§ **What you will do**
Give the listing again exactly, omitting its images.

§ **Available data**

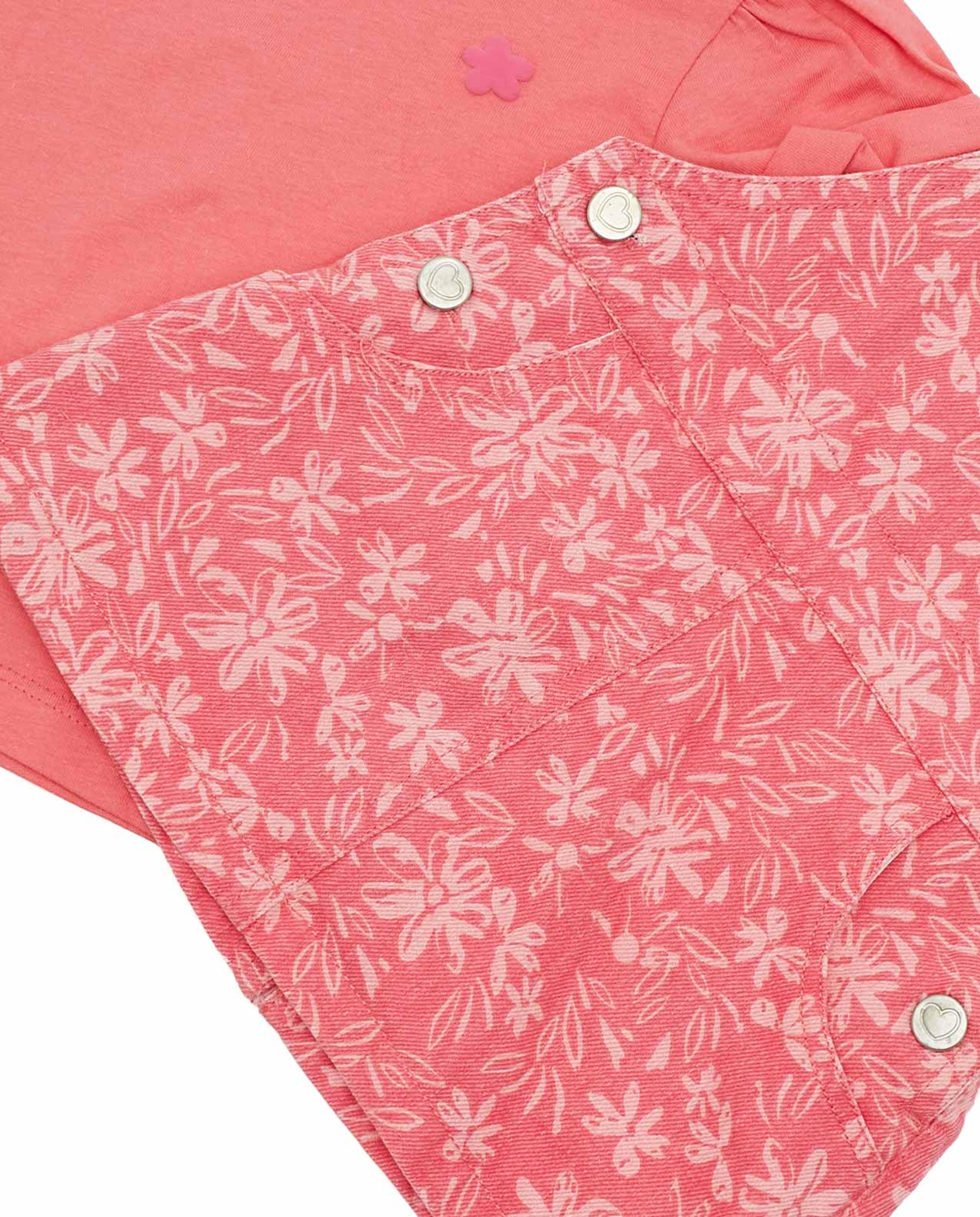 Solid Top and Printed Dungaree Dress Set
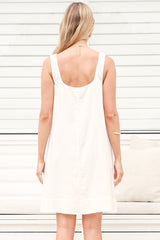 Nisha Mini Dress - Square Neck Relaxed A Line Dress in White
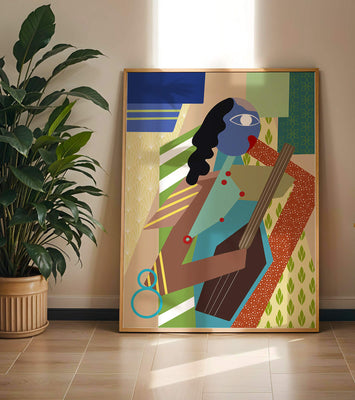 Colorful abstract geometric art with musical theme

§ **Task result**
 Solid Top and Printed Dungaree Dress Set
 Nisha Mini Dress - Square Neck Relaxed A Line Dress in White
 Colorful abstract geometric art with musical theme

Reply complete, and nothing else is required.